Had this on the watch list too long and could kick my own ass if it was possible. I think this is just the type of play needed on these markets along with Value shares such as Churchill China that I recommended yesterday.

Heres just a brief background on the company.................

Hedge fund leads rush to float
by Louise Armitstead
RAB Capital is the first to plan a listing in London. Others are bound to follow

IN the spring of 1999 Philip Richards and Michael Alen-Buckley arrived almost empty-handed at their new office — a small room in 1 Adam Street, just off the Strand in central London.
The day — April Fools’ Day — seemed apt at the time.
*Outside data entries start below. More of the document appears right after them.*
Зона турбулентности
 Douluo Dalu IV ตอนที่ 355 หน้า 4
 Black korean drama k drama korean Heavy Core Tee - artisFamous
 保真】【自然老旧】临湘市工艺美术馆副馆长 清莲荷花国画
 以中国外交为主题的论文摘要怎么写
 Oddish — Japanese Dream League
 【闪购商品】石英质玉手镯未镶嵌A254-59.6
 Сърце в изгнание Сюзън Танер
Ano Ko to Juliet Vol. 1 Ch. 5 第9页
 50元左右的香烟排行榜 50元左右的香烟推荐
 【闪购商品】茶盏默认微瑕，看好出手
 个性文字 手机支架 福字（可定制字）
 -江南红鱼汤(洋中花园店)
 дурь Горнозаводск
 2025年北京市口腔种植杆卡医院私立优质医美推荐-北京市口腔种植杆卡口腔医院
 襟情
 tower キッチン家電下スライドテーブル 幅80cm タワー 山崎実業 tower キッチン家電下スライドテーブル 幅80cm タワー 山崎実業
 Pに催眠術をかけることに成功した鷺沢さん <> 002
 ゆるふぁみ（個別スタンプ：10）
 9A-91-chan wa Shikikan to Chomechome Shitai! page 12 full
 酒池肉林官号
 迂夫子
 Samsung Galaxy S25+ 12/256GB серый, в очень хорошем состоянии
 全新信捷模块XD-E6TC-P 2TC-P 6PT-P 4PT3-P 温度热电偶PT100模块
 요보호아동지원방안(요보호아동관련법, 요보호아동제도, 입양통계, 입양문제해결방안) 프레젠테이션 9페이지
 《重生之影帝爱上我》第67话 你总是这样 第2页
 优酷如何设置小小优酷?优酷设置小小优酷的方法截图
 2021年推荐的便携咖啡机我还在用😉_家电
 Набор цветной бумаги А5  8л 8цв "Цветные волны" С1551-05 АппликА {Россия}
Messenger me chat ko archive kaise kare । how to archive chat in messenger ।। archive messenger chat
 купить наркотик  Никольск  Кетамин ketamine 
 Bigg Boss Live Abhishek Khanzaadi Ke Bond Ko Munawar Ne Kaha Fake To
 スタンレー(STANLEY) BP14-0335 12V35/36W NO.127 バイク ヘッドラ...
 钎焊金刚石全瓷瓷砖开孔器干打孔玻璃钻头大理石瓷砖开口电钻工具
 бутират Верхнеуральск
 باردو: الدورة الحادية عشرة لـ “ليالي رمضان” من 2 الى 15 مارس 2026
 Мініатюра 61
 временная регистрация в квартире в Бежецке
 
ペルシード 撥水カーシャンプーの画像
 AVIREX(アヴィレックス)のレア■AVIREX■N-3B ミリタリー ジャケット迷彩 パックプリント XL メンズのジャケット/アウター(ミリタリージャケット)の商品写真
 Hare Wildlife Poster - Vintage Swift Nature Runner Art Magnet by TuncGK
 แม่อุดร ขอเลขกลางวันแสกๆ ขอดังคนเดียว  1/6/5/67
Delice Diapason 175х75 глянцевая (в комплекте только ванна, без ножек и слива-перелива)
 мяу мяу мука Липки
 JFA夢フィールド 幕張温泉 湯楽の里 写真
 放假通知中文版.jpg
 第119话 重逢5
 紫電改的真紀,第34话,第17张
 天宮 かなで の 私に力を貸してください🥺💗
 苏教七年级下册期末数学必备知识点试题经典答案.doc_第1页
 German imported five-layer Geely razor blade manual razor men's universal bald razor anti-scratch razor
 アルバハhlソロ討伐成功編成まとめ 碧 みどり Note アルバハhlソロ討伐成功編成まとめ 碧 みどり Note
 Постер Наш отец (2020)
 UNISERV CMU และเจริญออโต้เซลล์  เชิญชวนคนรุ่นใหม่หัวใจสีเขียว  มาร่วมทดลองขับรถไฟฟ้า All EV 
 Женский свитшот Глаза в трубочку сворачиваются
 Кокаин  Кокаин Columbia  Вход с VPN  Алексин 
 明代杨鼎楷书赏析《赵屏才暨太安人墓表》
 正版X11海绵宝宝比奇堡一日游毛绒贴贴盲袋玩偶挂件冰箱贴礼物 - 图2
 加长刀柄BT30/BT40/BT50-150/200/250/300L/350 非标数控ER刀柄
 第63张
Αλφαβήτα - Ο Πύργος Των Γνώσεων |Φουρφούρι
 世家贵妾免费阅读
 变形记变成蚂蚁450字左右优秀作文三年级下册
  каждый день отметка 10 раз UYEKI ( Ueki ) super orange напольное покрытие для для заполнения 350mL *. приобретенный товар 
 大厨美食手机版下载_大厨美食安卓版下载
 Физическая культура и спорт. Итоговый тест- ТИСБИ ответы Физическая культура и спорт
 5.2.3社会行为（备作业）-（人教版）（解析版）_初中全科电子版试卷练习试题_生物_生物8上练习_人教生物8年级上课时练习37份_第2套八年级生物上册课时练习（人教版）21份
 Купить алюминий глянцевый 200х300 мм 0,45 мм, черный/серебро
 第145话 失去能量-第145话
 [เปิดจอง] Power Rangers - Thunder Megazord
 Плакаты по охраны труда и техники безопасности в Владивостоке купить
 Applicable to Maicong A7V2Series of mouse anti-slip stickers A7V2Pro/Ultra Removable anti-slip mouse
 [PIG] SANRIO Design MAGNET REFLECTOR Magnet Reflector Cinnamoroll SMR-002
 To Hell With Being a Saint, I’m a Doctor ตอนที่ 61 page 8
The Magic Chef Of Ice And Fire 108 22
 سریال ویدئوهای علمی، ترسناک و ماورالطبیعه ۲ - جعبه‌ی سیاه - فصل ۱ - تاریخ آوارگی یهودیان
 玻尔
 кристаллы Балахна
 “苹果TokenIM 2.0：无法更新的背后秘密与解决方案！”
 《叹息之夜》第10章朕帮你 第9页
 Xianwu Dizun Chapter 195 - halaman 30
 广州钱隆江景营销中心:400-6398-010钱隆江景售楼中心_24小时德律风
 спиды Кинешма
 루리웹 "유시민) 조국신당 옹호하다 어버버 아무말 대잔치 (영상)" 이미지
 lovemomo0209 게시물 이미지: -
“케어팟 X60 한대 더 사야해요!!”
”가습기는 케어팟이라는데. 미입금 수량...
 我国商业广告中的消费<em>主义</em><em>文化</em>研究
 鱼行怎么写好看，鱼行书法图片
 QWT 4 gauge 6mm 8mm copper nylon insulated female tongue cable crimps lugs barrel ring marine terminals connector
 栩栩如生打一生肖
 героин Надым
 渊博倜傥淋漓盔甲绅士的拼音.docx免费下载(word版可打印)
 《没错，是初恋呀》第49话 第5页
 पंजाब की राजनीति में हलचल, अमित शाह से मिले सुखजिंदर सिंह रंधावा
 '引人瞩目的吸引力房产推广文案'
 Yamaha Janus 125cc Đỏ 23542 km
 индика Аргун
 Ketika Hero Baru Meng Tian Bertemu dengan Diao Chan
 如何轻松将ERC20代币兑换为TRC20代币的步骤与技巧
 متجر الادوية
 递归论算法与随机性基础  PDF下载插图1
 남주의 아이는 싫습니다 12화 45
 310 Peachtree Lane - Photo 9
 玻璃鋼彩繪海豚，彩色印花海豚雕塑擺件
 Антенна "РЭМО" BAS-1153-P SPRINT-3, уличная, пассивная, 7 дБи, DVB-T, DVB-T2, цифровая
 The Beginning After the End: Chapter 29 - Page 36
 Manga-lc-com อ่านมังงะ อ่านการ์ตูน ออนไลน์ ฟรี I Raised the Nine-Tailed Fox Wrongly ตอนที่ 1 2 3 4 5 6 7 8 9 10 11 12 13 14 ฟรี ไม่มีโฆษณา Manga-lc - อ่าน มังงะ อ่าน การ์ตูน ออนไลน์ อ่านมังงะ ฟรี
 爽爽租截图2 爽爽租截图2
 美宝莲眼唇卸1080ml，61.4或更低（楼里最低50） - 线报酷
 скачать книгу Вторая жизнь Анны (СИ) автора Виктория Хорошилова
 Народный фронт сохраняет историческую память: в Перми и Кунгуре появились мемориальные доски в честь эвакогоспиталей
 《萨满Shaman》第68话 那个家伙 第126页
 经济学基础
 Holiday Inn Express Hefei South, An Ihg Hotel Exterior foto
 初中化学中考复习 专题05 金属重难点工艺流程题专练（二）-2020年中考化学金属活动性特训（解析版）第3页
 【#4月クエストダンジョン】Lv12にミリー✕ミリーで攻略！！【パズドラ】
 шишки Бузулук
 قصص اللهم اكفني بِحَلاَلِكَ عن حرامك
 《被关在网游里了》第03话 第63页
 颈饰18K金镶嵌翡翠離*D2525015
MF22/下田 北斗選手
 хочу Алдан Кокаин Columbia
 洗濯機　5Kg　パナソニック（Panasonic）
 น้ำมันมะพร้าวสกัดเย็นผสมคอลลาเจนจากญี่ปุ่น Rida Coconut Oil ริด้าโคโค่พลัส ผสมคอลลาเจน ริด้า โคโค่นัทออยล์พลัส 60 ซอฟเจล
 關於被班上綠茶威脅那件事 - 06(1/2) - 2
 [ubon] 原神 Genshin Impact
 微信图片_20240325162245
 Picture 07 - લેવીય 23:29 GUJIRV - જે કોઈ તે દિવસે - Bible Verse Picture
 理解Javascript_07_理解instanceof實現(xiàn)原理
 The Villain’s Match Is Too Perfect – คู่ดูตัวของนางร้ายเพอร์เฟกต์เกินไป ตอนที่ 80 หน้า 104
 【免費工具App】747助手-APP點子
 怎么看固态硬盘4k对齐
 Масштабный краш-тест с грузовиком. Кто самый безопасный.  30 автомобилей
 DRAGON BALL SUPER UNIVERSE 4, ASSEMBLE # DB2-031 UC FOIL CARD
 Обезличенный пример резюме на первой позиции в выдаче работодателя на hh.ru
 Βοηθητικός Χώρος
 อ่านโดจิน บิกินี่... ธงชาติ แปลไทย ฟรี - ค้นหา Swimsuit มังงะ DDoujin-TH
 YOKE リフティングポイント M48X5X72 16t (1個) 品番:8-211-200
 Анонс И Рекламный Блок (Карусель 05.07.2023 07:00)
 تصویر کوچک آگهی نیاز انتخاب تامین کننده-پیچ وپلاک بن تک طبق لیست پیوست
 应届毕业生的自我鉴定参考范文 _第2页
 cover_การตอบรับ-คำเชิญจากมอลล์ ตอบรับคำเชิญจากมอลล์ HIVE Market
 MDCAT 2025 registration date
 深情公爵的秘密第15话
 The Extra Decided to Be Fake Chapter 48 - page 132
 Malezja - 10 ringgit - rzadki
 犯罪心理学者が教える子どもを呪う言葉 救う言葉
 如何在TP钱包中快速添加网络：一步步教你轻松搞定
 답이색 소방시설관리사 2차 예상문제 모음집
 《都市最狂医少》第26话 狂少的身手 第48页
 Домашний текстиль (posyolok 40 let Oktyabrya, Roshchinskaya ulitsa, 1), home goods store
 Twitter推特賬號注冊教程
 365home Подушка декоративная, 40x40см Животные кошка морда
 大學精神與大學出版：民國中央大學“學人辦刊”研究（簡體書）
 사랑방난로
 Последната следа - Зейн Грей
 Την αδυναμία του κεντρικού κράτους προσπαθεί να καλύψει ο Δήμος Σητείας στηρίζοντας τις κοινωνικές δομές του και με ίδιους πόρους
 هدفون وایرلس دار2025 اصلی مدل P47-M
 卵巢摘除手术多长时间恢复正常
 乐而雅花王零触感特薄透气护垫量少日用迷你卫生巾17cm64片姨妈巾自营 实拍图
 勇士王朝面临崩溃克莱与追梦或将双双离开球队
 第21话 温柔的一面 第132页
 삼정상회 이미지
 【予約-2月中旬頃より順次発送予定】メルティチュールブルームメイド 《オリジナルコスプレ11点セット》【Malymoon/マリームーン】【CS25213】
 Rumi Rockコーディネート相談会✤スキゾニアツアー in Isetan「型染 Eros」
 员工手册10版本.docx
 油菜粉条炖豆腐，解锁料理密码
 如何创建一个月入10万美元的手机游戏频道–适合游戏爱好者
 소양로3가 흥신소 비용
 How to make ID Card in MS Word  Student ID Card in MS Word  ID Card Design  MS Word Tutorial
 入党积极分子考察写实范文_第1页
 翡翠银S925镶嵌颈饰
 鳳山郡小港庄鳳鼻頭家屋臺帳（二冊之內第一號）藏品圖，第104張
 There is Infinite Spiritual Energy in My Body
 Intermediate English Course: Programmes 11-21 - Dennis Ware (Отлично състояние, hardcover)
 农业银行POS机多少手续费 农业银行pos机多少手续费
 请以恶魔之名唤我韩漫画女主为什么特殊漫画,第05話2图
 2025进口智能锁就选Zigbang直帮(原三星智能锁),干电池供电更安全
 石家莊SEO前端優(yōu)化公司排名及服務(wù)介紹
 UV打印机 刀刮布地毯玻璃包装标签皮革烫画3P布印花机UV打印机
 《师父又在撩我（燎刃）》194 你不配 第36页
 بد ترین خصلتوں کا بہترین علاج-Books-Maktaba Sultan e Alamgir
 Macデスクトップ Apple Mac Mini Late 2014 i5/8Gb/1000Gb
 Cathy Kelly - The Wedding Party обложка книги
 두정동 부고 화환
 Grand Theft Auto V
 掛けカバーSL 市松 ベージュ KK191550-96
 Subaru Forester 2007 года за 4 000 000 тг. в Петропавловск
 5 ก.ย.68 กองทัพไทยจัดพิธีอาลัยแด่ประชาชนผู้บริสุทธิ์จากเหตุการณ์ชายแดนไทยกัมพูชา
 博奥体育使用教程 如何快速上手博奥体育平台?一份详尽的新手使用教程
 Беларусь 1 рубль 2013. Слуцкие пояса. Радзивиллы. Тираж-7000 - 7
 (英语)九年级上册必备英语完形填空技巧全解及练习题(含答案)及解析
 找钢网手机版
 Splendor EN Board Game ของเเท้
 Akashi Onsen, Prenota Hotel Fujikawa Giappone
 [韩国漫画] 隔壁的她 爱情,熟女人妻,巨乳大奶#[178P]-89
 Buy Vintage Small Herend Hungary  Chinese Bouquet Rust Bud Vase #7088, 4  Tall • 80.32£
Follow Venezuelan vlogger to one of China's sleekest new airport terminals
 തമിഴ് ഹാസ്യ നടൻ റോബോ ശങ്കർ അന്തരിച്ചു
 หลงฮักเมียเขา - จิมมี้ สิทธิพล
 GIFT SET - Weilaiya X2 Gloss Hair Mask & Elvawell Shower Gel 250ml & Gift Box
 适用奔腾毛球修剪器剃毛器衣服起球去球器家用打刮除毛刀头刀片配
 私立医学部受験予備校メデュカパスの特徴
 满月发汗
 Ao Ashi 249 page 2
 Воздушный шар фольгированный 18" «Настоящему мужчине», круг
Richards and Alen-Buckley, both highly regarded bankers at Merrill Lynch, were giving up stellar careers to start their own hedge fund, RAB Capital. The only money they had was their own, and their staff consisted of one manager, a compliance officer and a secretary.

Five years on, the little room in 1 Adam Street, still RAB Capital’s main trading floor, albeit straining under a vastly expanded workforce, is again the engine room of an ambitious and pioneering venture.

Last week RAB Capital became the first stand-alone hedge-fund company to announce its intention to float in London.

Richards, 46, and Alen-Buckley, 43, will be at the helm of a company with a market value that could be as high as 100m. Their stakes could be worth 30m each. Advised by KBC Peel Hunt, the firm will release a prospectus tomorrow revealing how much money it intends to raise.

In the past five years, Richards, a former army officer, and Alen-Buckley, who is the son-in-law of the hotelier Lord Forte, have increased their funds under management from 4m to an estimated 1.1 billion. They have 40 staff (16 of them managers), 7 hedge funds and a track record that is the envy of the City.

RAB’s first fund, the European equities fund, which was launched in November 1999, has made returns of 84% despite the tumbling markets.

Floating will for the first time allow small investors to take part in the success of a hedge-fund boutique rather than investing in one fund.

But there is growing concern that they will also be exposed to risks that at the moment are restricted to professional investors.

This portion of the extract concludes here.